Aber ebenso wie Rassismus gibt es ja das Problem von Gewalt in den Stadien. Welche Vorschläge hat BAFF zur Lösung?

Auf keinen Fall sollte man dem Irrtum verfallen, das Problem ließe sich durch noch mehr Polizei und noch mehr Stadionverbote lösen. Schon jetzt sind die Sicherheitsmaßnahmen häufig unverhältnismäßig und treffen oft die Falschen. Die Wut in den Fan-Szenen hierüber lähmt zudem die Selbstregulierung der Fans, weil die Schuld für eigenes Fehlverhalten allzu leicht auf die übertriebene Repression geschoben wird. Der Schlüssel zur Lösung ist aber gerade die Stärkung der selbst regulierenden Kräfte innerhalb der Fan-Szenen. Hierbei leisten die sozialpädagogisch arbeitenden Fan-Projekte in vielen Städten seit Jahren hervorragende Arbeit.

Ziehen die Verantwortlichen in Politik und Vereinen aus dieser Erkenntnis die richtigen Schlussfolgerungen?

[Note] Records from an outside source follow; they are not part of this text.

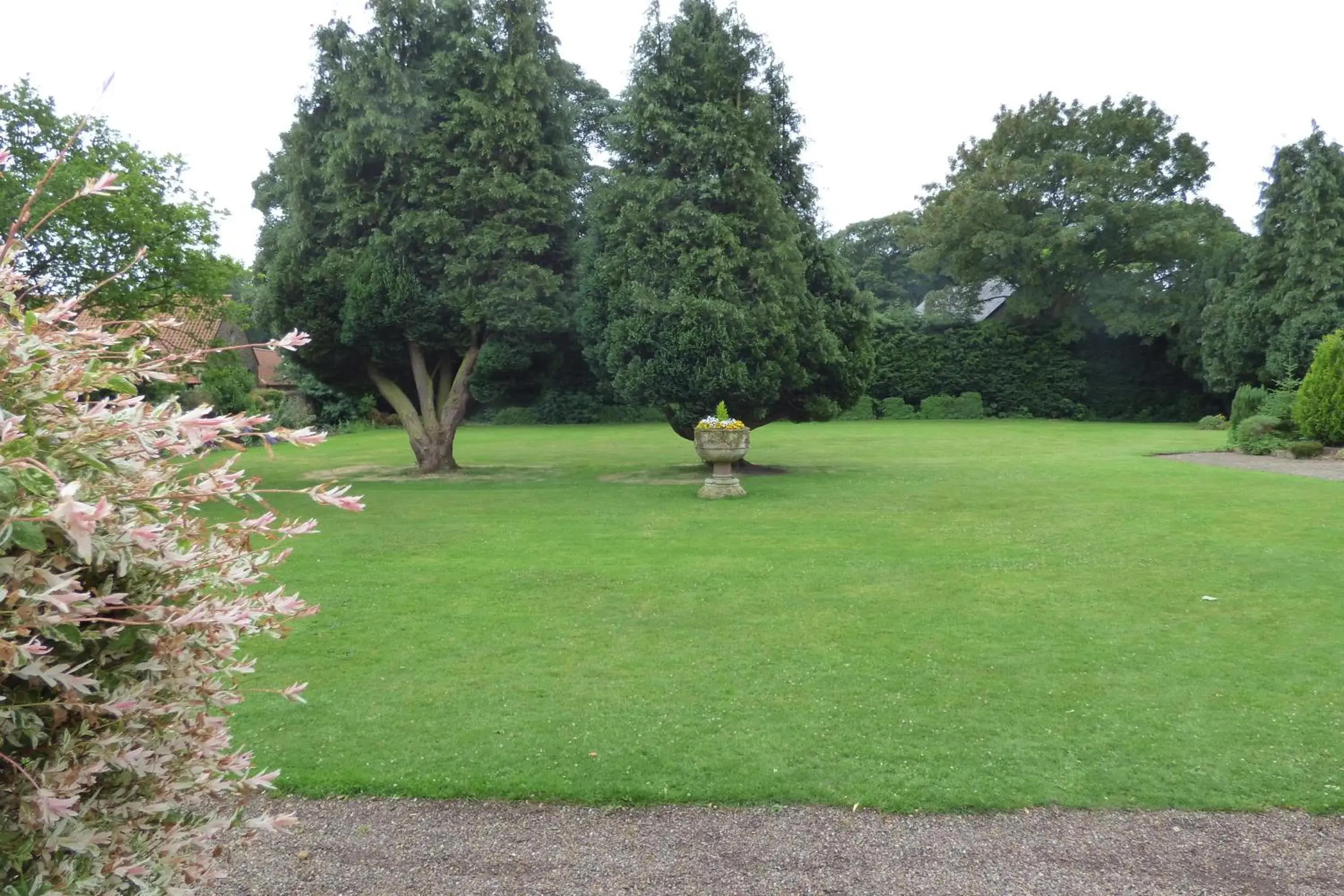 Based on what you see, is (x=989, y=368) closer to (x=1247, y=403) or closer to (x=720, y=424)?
(x=1247, y=403)

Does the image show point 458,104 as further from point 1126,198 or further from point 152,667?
point 1126,198

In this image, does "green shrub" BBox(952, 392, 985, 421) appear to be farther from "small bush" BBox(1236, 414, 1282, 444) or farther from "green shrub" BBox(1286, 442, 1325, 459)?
"green shrub" BBox(1286, 442, 1325, 459)

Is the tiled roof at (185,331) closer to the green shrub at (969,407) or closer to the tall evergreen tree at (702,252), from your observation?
the tall evergreen tree at (702,252)

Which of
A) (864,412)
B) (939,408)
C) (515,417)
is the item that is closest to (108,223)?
(515,417)

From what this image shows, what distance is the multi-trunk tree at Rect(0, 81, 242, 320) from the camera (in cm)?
1201

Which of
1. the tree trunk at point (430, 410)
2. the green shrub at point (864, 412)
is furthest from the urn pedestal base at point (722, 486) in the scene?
the green shrub at point (864, 412)

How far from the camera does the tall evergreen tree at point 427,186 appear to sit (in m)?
15.3

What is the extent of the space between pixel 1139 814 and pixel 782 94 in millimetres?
15139

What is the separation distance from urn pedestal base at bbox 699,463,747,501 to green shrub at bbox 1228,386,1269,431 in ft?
51.8

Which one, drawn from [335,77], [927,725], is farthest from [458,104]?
[927,725]

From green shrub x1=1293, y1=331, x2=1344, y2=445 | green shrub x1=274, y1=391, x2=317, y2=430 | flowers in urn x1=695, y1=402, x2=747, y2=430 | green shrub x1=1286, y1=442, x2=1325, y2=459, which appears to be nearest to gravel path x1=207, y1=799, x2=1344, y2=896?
flowers in urn x1=695, y1=402, x2=747, y2=430

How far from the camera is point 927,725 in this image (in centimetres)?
440

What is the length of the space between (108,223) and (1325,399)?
22.3 metres

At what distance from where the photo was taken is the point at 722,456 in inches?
505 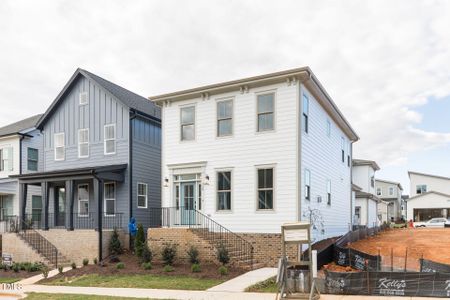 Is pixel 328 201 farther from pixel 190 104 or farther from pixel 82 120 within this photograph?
pixel 82 120

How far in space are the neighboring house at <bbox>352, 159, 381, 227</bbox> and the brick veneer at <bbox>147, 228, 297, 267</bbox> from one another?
852 inches

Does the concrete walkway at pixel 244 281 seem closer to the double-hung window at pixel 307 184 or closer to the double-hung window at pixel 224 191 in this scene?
the double-hung window at pixel 224 191

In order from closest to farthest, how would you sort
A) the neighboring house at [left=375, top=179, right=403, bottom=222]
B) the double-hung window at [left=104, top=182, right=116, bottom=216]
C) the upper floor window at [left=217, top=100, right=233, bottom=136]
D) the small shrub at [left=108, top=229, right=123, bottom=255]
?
1. the upper floor window at [left=217, top=100, right=233, bottom=136]
2. the small shrub at [left=108, top=229, right=123, bottom=255]
3. the double-hung window at [left=104, top=182, right=116, bottom=216]
4. the neighboring house at [left=375, top=179, right=403, bottom=222]

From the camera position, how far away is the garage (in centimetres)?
5175

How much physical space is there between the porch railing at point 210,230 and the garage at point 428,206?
139ft

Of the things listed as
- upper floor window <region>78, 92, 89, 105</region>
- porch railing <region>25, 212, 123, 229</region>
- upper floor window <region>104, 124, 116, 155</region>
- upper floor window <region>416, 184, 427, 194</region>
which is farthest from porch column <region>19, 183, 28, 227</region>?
upper floor window <region>416, 184, 427, 194</region>

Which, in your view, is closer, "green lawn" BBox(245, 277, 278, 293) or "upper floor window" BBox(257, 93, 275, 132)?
"green lawn" BBox(245, 277, 278, 293)

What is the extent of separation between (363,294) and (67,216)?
15.9 metres

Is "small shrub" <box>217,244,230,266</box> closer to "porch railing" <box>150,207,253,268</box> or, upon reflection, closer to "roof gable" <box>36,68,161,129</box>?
"porch railing" <box>150,207,253,268</box>

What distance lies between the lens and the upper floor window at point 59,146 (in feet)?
79.3

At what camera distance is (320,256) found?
15.5m

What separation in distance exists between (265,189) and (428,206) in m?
42.5

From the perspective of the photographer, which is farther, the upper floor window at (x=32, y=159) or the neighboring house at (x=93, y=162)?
the upper floor window at (x=32, y=159)

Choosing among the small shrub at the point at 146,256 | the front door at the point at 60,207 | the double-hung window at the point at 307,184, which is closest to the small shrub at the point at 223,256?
the small shrub at the point at 146,256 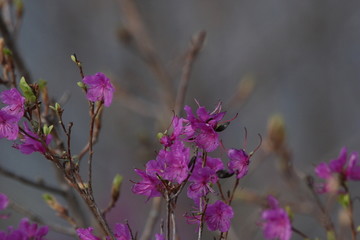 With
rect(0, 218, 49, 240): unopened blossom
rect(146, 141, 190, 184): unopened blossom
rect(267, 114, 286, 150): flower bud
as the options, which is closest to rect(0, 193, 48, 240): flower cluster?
rect(0, 218, 49, 240): unopened blossom

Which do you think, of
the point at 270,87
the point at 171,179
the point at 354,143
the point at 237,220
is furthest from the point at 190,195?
the point at 270,87

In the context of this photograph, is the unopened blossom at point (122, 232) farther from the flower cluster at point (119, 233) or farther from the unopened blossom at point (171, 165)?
the unopened blossom at point (171, 165)

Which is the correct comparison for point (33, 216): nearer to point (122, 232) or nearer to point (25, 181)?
point (25, 181)

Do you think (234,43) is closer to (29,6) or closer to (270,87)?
(270,87)

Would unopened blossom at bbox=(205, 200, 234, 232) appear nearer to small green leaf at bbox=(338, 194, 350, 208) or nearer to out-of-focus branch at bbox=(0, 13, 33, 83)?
small green leaf at bbox=(338, 194, 350, 208)

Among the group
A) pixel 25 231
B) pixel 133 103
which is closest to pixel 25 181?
pixel 25 231

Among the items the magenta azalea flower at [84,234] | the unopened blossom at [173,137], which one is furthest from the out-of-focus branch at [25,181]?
the unopened blossom at [173,137]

Bezeichnender Weise fehlt es bisher ausgerechnet den Fan-Projekten in einigen Problemstädten an Finanzmitteln und Ausstattung. Mit dem Geld, das bei manch einem einzelnen Spiel für den Polizeieinsatz ausgegeben wird, könnte man ein Fan-Projekt ein ganzes Jahr lang finanzieren. Hier sollten die Verantwortlichen also dringend umdenken und die Priorität auf Prävention statt auf Repression setzen.

BAFF ist ein seit 1993 vereinsübergreifender Zusammenschluss verschiedener Faninstitutionen und Teil des europäischen Netzwerks FARE (Football Against Racism in Europe). BAFF sieht sich als Teil der Fanbewegung und setzt sich für den Erhalt der Fankultur in Deutschland ein. Das Bündnis arbeitet unter anderem gegen Rassismus sowie die Kommerzialisierung des Fußballs.

Das Interview führte Björn Brünjes aus Bremen.